El domingo, 1 de julio de 2018


EL DECIMOTERCER DOMINGO ORDINARIO 

(Sabiduría 1:13-15.2:23-24; II Corintios 8:7.9.13-15; Marcos 5:21-43)


El evangelio comienza con Jesús a la orilla del mar. La gente se agrupa alrededor de él.  No se dice que hagan pero no parece que Jesús está enseñándoles.  Es probable que Jesús esté rezando a su Padre en el cielo.  La gente se le acude porque lo reconoce como hombre cerca de Dios.  Es cómo sentimos cuando vimos al papa Francisco besando a una persona horriblemente desfigurada.  Lo admiramos tanto que queramos seguirlo para llegar a Dios.

Jesús muestra su santidad cuando responde a la petición de Jairo.  No demora nada para irse con él.  No dice como yo diría: “Después del desayuno, te acompaño”.  No, se va inmediatamente por compasión del padre que se echa a sus pies pidiendo ayuda por su hija. 

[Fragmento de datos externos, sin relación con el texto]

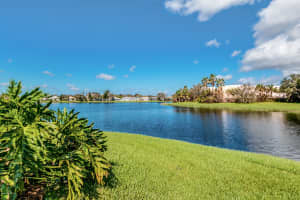 8436 Mizell Dr, Melbourne, FL 32940, Sold 11/15/17
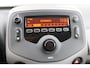 Peugeot 108 1.0 e-VTi Active | Airco | Bluetooth telefoonvoorbereiding | Buitenspiegels elektrisch verstel- en verwarmbaar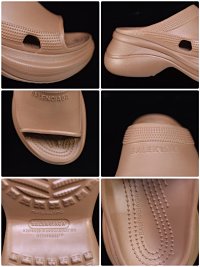 Balenciaga x Crocs — seller photo 6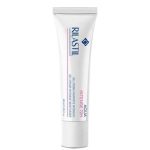 Rilastil aqua intense 72h creme hydratante 40 Ml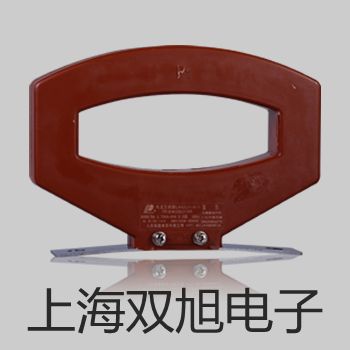 ���p���ơ�AC4000-04��(li��n)����AC4000-04�N��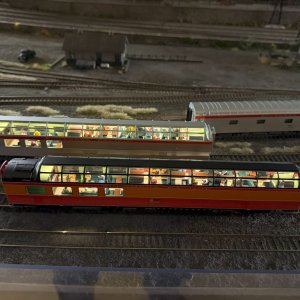 Lights on.jpg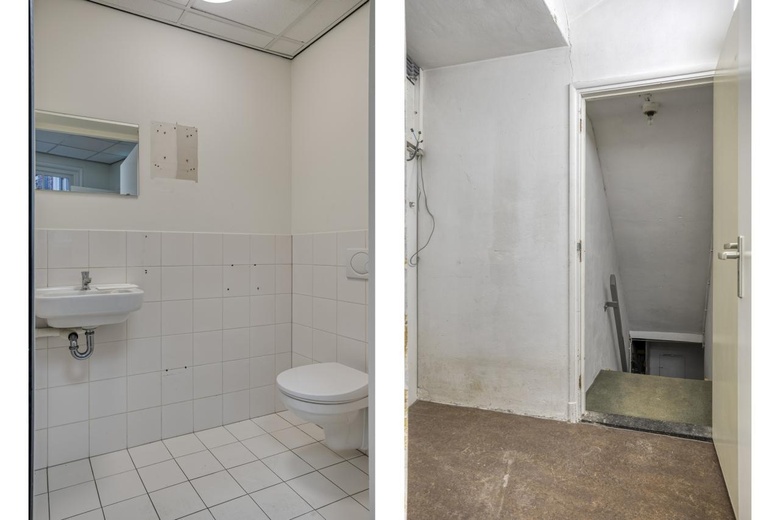 WinkelruimteaanNieuwe Burg 19<br/> inMiddelburg WinkelruimteaanNieuwe Burg 19<br/> inMiddelburg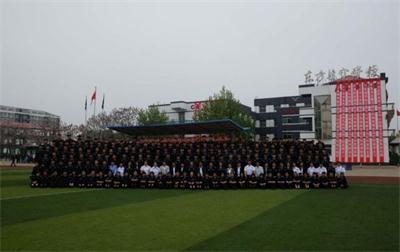 �ػʍuɽ���P˾�������I(y��)��Ӗ�WУ����ʲô���I(y��)�� 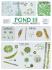 BioCam Pond Life Wall Charts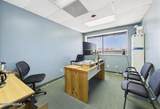 108 Kol Drive - Photo 8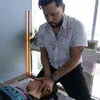 service image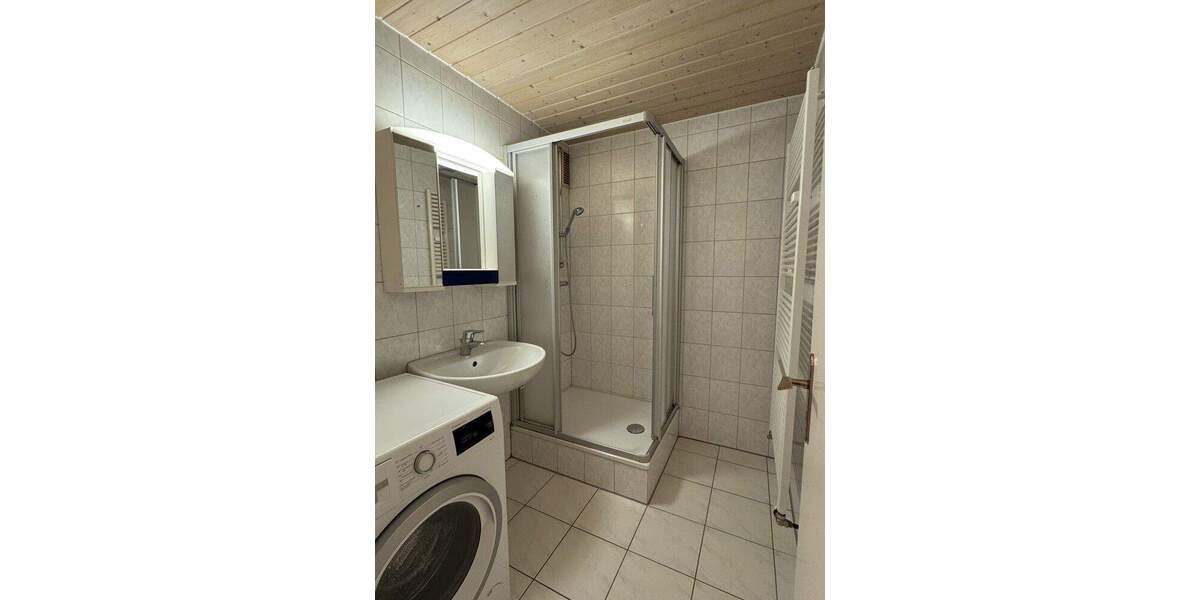 Etagenwohnung Leinfelden-Echterdingen Echterdingen - 3 Zimmer, 79 m&sup2;, 299.000&euro; | Angebot:25865059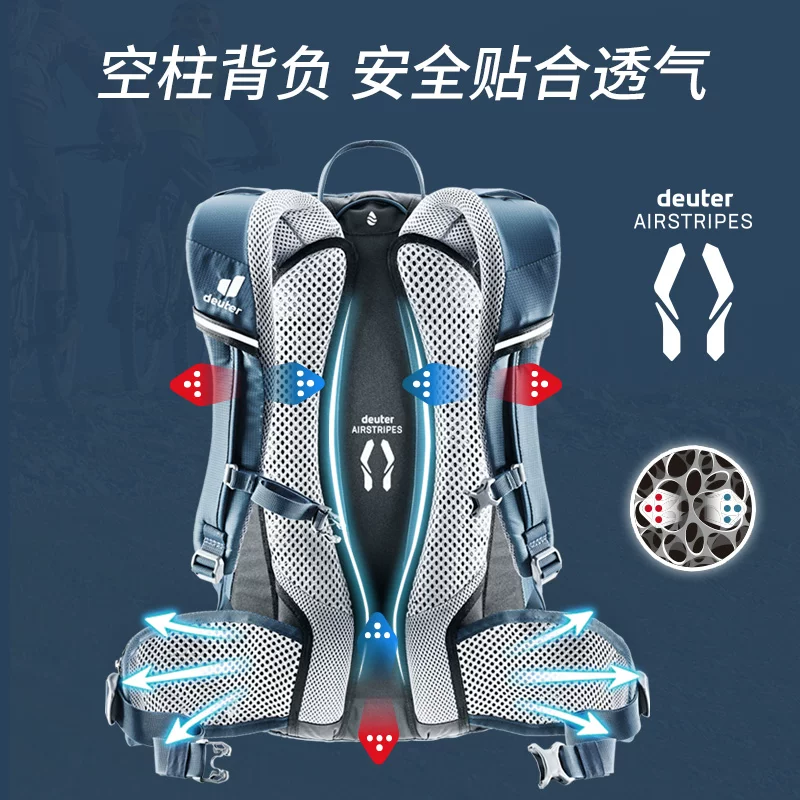 Dort Deutr Professional Superbike Super Wisker Motorcycle Motorcycle Artlecting Artlectering рюкзак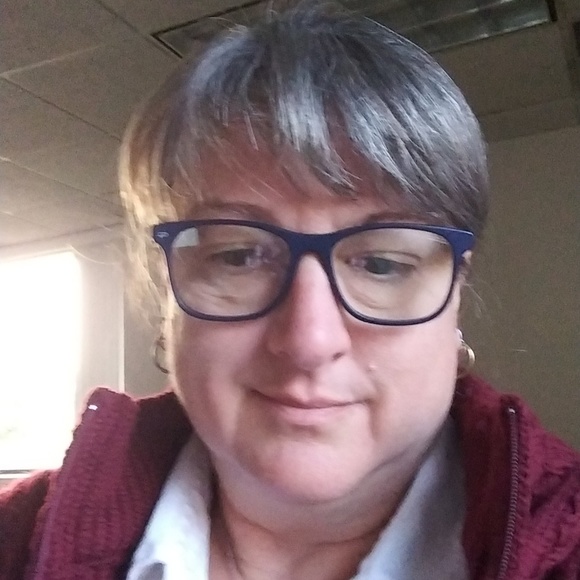 Profile Picture of Ronnie Odonnell (@rlodonnell67) on Poshmark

Ciertamente la mujer sufriendo de un flujo de sangre reconoce a Jesús como santo. Piensa que sólo por tocarlo, experimentaría el alivio. Lo toca, y se sana.  Pero lo que más llama la atención aquí es cómo Jesús siente el poder sanador saliendo de él.  Tiene la sensibilidad sobrehumana. ¿Quién es entonces?

Jesús sigue con Jairo a su casa.  Cuando encuentran a la gente diciendo que la niña ha muerto, le urge a Jairo que mantenga la fe en Dios.  Sabe que su Padre, el autor de la vida según la primera lectura, le ha compartido el poder sobre la muerte.  Al entrar la casa, Jesús toma la mano de la niña.  Le dice que se levante de la cama, y ella lo obedece.

De una manera la mayoría de nosotros estamos como esta  niña.  Pues hemos entrado en un sueño como la muerte que nos deja ilusionados.  Pensamos que nuestras metas son ser ricos, famosos, y siempre complacidos.  No queremos aceptar que Dios tiene otros objetivos para nuestras vidas.  Quiere que seamos generosos, humildes, y gozosos por haber conocido a Jesucristo.  Es como si Jesús nos tomara de mano diciendo el mandato, ‘“…levántate’ y conóceme”. 

Que nos levantemos del sueño que estamos salvados por tener millones.  Más bien que compartamos del corazón como san Pablo urge a los corintios en la segunda lectura.  Que nos quitemos la ilusión que los jefes que den órdenes son los más benditos.  Más bien que nos apoyemos de la mano de Jesús para realizar el gozo de cumplir su voluntad.  Que dejemos la ilusión que la felicidad consiste en siempre ser complacidos.  Más bien que reconozcamos el bien de tener a Jesús como compañero.

¿Quién es este que nos ofrece la mano?  Sí es el santo de Dios.  Pero esta descripción no basta. No sólo se muestra Jesús como favorecido de Dios sino como alguien mucho más grande.  En su resurrección de la muerte Jesús  se revela que es el autor de la vida.  Como dice Pablo, “siendo rico, se hizo pobre por (nosotros), para que (nosotros nos hiciéramos) ricos con su pobreza”.   Es el mismo Dios que vale nuestra fe.  Pues no sólo nos levanta de nuestros sueños ilusionados sino también del sueño de la muerte.  Es quien nos levantará de la muerte.